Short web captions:
★ ★ ★ ★ ★
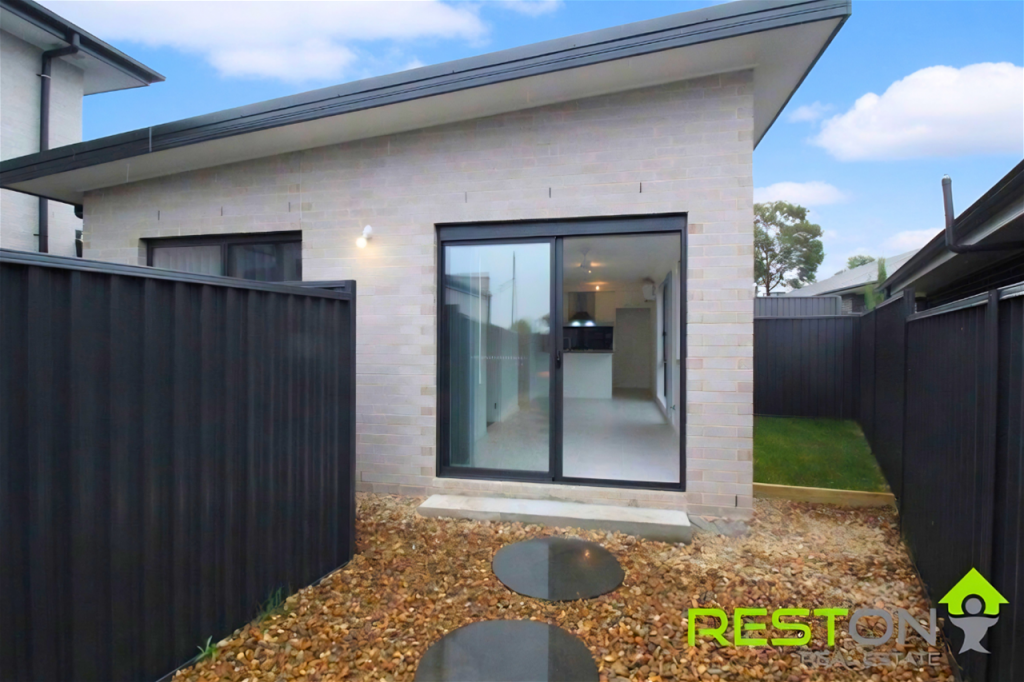 20a Woodbury Cct, Campbelltown, NSW 2560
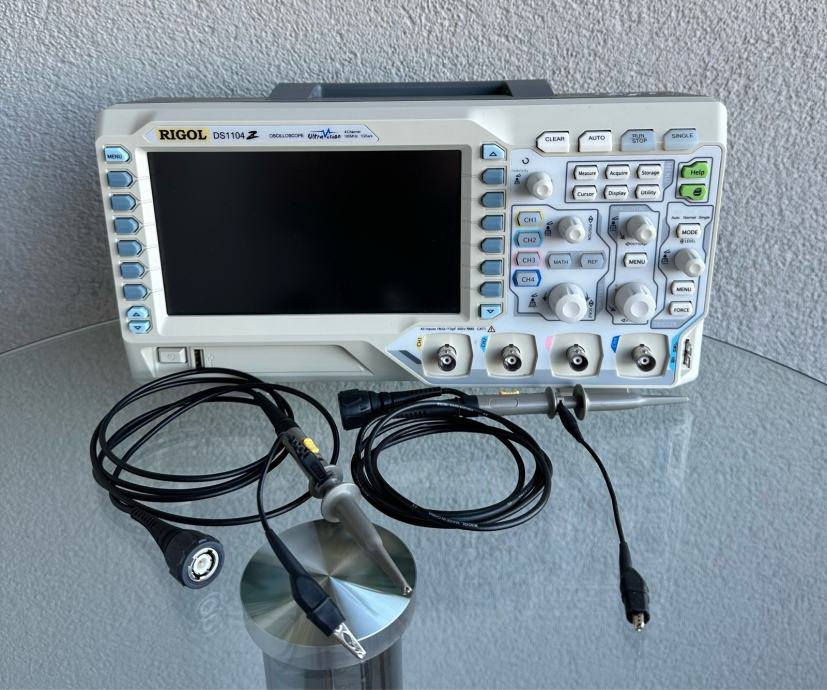 الجهاز هو راسم إشارة رقمي (Oscilloscope) من سلسلة Rigol DS1000Z.المميزات الرئيسية: يتميز بوجود 4 قنوات تناظرية، وشاشة LCD ملونة لعرض الموجات.الوظائف: يُستخدم لقياس وتحليل الإشارات الكهربائية، ويدعم وظائف مثل اختبارات النجاح/الفشل (Pass/Fail) والتحريك (Triggering) المتقدم.الطرازات: تشمل هذه السلسلة طرازات مثل DS1054Z وDS1104Z Plus، وتختلف في النطاق الترددي (مثلاً 50 ميجاهرتز أو 100 ميجاهرتز).


**إذا كنت صاحب هذا الإعلان وتريد حذفه لأي سبب، رجاءا أرسل رسالة إلى الدعم الفني**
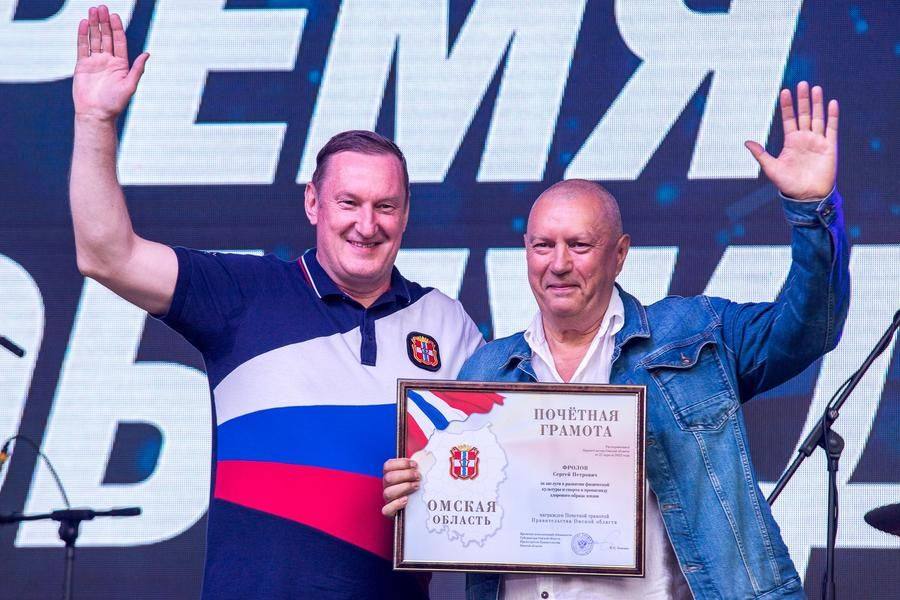 Среди награжденных популяризаторов спорта — мастер спорта СССР Сергей Фролов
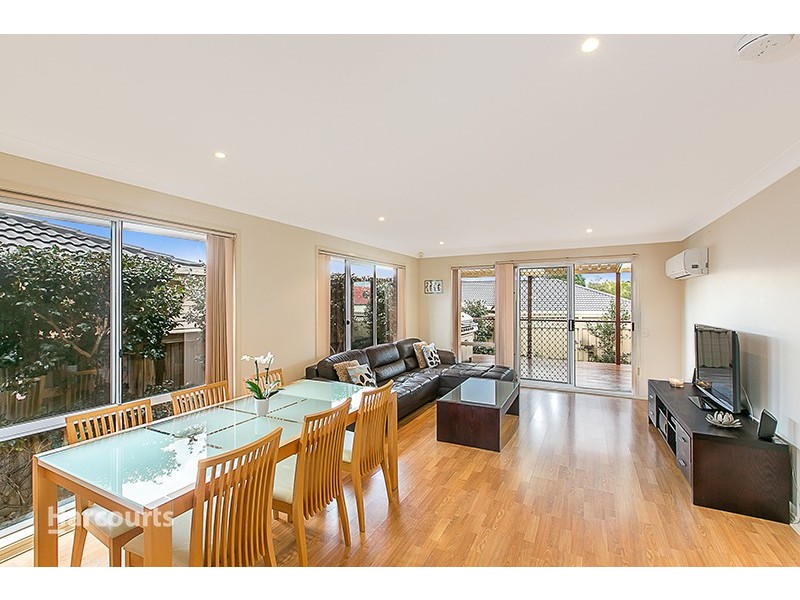 44 Downes Drive, Albion Park NSW 2527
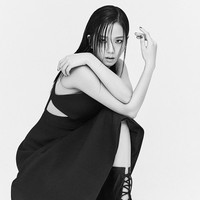 “NENG, CANTIKNYA KELEWATAN 😍” “Cantik banget mbak,” “Jisoo, kalau gini aku nyerah... unnie sangat cantik,” “Cantik banget ayang kami😍” komentar sejumlah penggemar. Foto: dok. Vogue Korea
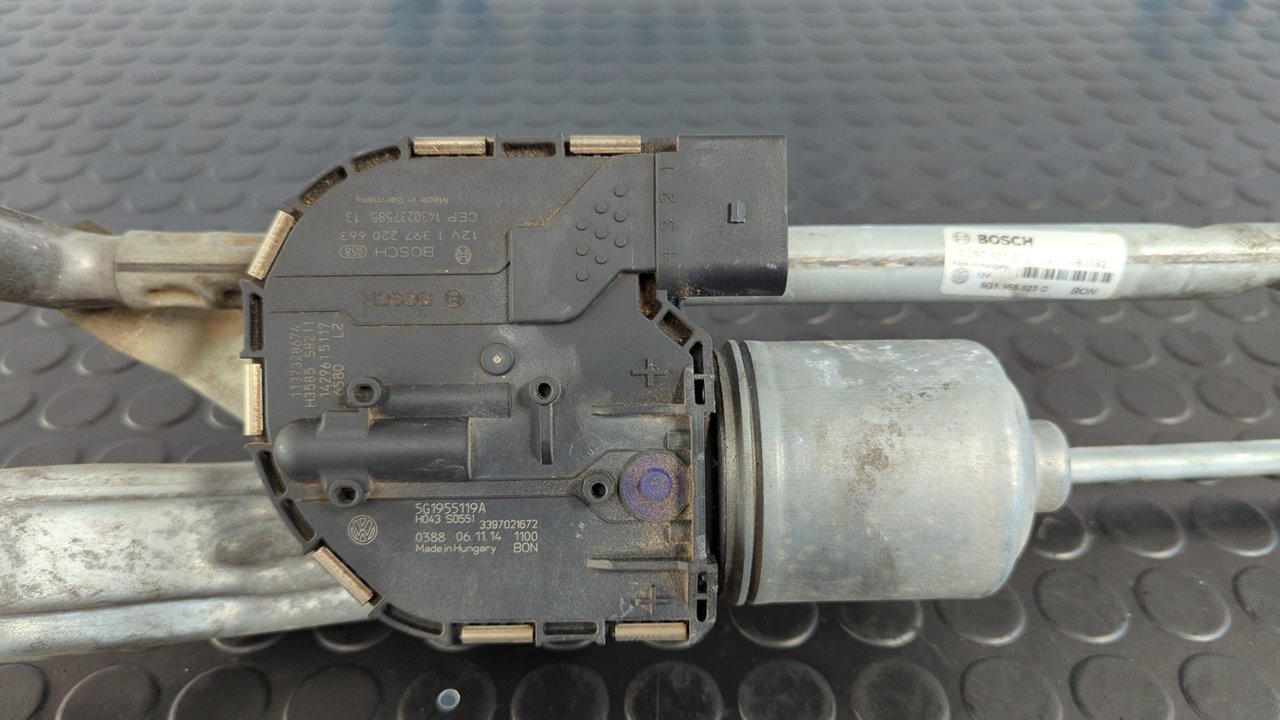 MOTOR LIMPIA DELANTERO VOLKSWAGEN GOLF VII LIM. (5G1) - vista 4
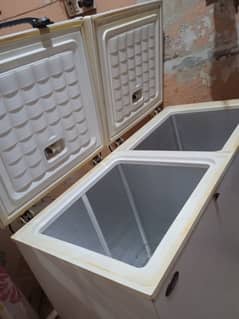 double door freezer urgently sale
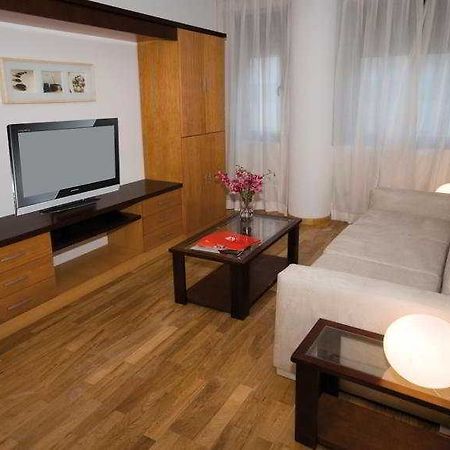 Suites Kris Aeropuerto Мадрид Экстерьер фото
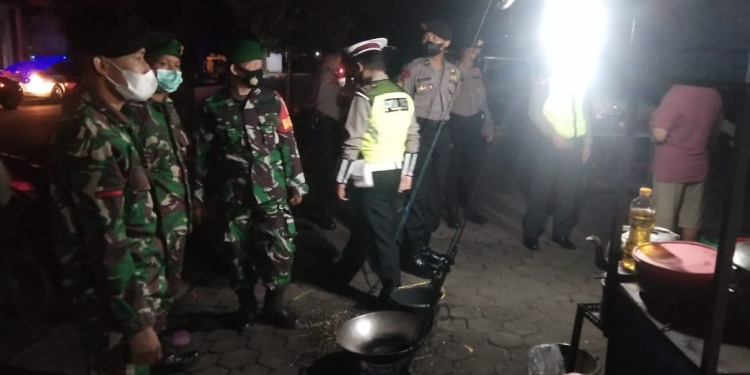 Koramil 09/Mlonggo Kab. Jepara Patroli PPKM Level 4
★ ★ ★ ★ ★
Return only the lines that start at the line containing "إلى الدعم الفني**" and finish at the last line of the entries, exactly as written and without pictures.

**إذا كنت صاحب هذا الإعلان وتريد حذفه لأي سبب، رجاءا أرسل رسالة إلى الدعم الفني**
 Среди награжденных популяризаторов спорта — мастер спорта СССР Сергей Фролов
 44 Downes Drive, Albion Park NSW 2527
 “NENG, CANTIKNYA KELEWATAN 😍” “Cantik banget mbak,” “Jisoo, kalau gini aku nyerah... unnie sangat cantik,” “Cantik banget ayang kami😍” komentar sejumlah penggemar. Foto: dok. Vogue Korea
 MOTOR LIMPIA DELANTERO VOLKSWAGEN GOLF VII LIM. (5G1) - vista 4
 double door freezer urgently sale
 Suites Kris Aeropuerto Мадрид Экстерьер фото
 Koramil 09/Mlonggo Kab. Jepara Patroli PPKM Level 4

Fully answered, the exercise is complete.